High-paying jobs for single moms, ranked by salary. From nursing ($93,600) to software development ($133,080), see which roles pay most and how to reach them.

Subha

Reviewed by

Subha

Published

Sep 5, 2025

Last Reviewed

Jun 15, 2026

A confident professional woman in a blazer smiles in a modern office, representing high-paying careers.Click to zoom

A confident professional woman in a blazer smiles in a modern office, representing high-paying careers.

When money is tight and the household runs on one income, “what pays the most” is a fair question to lead with. This guide does exactly that: it ranks real jobs by salary, using federal wage data, and shows which high-paying roles a single mom can actually reach, plus how long each one takes to get there.

Here’s the benchmark to beat. In May 2024, the median U.S. wage across all jobs was $49,500 (Bureau of Labor Statistics). Every role below pays well above that, and several clear six figures. The goal isn’t the flashiest title. It’s the highest pay you can realistically train into around your kids.

Top-paying roles single moms can target, ranked by median pay (BLS, May 2024)
Role Median pay Remote-friendly?
Financial manager $161,700 Often hybrid
Software developer $133,080 Yes, frequently remote
Nurse practitioner $132,050 Partly (telehealth growing)
Financial analyst $101,350 Often hybrid
Source: U.S. Bureau of Labor Statistics, Occupational Outlook Handbook, May 2024. All-occupations median wage: $49,500.

The short version

High-paying jobs for single moms range from registered nursing at a median $93,600 to software development at $133,080 and financial management at $161,700 (BLS, 2024). The biggest earners need a degree or specialization, but several six-figure roles are remote-friendly, and a few high payers need only a two-year degree.

What counts as a high-paying job for a single mom?

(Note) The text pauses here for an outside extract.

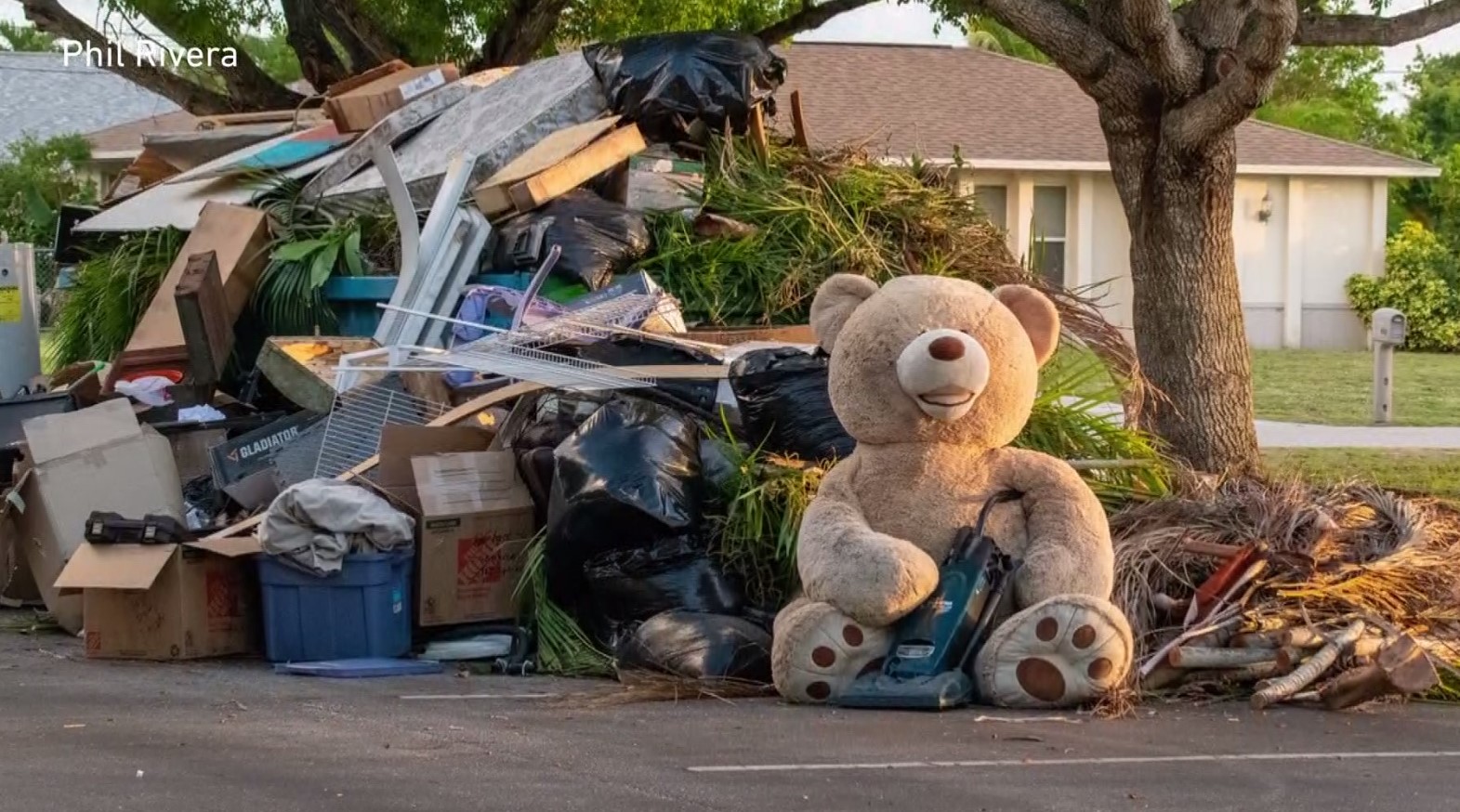 Cape Coral city crews tackle trash piles at dropoff sites - WINK News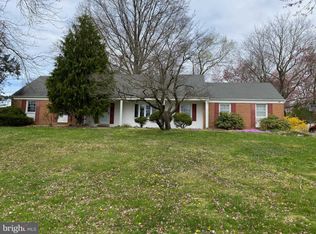 27 Plymouth Dr, Freehold, NJ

A high-paying job clears the U.S. median wage of $49,500 by a wide margin and ideally tops $80,000 (Bureau of Labor Statistics, 2024). For a single mom, the better question adds two filters: can you reach it without a decade of school, and does the schedule or remote option work with kids?

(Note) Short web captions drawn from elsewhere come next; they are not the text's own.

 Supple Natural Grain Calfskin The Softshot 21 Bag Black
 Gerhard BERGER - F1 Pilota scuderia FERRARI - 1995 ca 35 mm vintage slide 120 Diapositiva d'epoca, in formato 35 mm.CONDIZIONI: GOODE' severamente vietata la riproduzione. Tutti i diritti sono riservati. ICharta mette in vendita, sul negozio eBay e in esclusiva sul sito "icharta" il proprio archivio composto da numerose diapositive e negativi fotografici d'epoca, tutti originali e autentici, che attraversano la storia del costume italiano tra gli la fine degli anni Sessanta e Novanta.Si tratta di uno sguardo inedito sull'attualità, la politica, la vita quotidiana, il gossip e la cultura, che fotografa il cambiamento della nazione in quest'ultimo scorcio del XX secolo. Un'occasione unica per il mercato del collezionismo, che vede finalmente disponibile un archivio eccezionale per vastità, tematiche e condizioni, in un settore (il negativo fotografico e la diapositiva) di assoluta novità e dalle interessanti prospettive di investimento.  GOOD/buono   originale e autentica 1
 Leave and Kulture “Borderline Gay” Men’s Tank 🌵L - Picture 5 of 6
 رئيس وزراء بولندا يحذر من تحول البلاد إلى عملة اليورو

That’s the lens this guide uses. Pay comes first, because it’s the reason you’re here. But a $160,000 role that demands 70-hour weeks may serve your family worse than a $95,000 one with remote days. We’ll flag both the salary and the catch for each tier.

Want stability and an easier on-ramp over the absolute highest pay? Our companion guide to the best careers for single moms ranks roles by trainability instead of salary. This post is the money-first view.

Which jobs pay single moms six figures?

The top earners cluster in finance, tech, and advanced healthcare. Financial managers earn a median $161,700 a year, software developers $133,080, and nurse practitioners $132,050 (Bureau of Labor Statistics, 2024). All three clear six figures, well over triple the national median wage.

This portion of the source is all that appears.